• Problem description
From the line with "Property at 26590" through the line with "DR. dr. EM Yunir, SpPD, KEMD - dok. PB IDI", repeat the entries verbatim, both end lines included, and add nothing.

• Provided information
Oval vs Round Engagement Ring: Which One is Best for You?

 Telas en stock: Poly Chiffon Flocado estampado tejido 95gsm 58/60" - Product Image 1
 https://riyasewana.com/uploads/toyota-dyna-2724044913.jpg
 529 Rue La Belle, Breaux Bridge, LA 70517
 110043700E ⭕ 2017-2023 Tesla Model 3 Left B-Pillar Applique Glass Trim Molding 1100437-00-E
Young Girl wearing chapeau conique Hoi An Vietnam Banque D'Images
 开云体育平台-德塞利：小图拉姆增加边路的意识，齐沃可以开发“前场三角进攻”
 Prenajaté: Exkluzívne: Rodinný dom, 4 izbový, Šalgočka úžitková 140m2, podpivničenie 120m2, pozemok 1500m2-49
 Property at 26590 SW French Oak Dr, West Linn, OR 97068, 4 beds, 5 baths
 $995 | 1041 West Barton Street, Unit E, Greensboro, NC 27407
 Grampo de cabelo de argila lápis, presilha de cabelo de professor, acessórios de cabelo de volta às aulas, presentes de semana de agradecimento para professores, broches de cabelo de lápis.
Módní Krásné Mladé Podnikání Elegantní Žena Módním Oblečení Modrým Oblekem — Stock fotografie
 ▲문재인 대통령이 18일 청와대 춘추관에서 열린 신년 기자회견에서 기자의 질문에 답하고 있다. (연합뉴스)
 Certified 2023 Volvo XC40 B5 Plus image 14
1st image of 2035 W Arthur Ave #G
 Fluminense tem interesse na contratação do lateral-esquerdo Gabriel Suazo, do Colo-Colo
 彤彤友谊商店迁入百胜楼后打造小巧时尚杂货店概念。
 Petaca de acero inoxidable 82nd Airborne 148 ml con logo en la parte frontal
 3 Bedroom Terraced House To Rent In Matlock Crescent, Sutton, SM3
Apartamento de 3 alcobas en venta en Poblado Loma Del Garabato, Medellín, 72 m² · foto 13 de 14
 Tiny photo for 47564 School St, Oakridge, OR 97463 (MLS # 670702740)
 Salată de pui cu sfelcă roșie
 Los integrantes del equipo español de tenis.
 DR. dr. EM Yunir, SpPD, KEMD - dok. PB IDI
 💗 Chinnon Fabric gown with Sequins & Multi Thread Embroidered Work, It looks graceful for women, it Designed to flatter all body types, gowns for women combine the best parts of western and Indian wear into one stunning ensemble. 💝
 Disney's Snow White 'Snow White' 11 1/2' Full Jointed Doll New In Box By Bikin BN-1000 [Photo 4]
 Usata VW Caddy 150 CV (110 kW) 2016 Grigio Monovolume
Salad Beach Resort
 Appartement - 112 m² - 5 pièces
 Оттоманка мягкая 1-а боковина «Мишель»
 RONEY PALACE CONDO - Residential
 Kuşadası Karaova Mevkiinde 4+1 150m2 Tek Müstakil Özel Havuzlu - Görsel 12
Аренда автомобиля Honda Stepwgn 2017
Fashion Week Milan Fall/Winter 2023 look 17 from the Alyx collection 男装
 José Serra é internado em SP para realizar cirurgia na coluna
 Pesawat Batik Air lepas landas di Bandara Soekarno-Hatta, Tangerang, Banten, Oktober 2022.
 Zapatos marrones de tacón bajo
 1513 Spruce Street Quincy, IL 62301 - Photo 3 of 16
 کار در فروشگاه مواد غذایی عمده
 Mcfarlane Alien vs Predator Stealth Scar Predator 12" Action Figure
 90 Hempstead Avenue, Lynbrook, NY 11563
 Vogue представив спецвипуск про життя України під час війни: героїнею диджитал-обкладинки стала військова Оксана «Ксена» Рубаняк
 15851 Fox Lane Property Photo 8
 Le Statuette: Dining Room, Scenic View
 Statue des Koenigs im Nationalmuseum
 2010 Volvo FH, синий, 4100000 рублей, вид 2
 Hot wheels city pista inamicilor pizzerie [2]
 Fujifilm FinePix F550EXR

• Answer below
 Property at 26590 SW French Oak Dr, West Linn, OR 97068, 4 beds, 5 baths
 $995 | 1041 West Barton Street, Unit E, Greensboro, NC 27407
 Grampo de cabelo de argila lápis, presilha de cabelo de professor, acessórios de cabelo de volta às aulas, presentes de semana de agradecimento para professores, broches de cabelo de lápis.
Módní Krásné Mladé Podnikání Elegantní Žena Módním Oblečení Modrým Oblekem — Stock fotografie
 ▲문재인 대통령이 18일 청와대 춘추관에서 열린 신년 기자회견에서 기자의 질문에 답하고 있다. (연합뉴스)
 Certified 2023 Volvo XC40 B5 Plus image 14
1st image of 2035 W Arthur Ave #G
 Fluminense tem interesse na contratação do lateral-esquerdo Gabriel Suazo, do Colo-Colo
 彤彤友谊商店迁入百胜楼后打造小巧时尚杂货店概念。
 Petaca de acero inoxidable 82nd Airborne 148 ml con logo en la parte frontal
 3 Bedroom Terraced House To Rent In Matlock Crescent, Sutton, SM3
Apartamento de 3 alcobas en venta en Poblado Loma Del Garabato, Medellín, 72 m² · foto 13 de 14
 Tiny photo for 47564 School St, Oakridge, OR 97463 (MLS # 670702740)
 Salată de pui cu sfelcă roșie
 Los integrantes del equipo español de tenis.
 DR. dr. EM Yunir, SpPD, KEMD - dok. PB IDI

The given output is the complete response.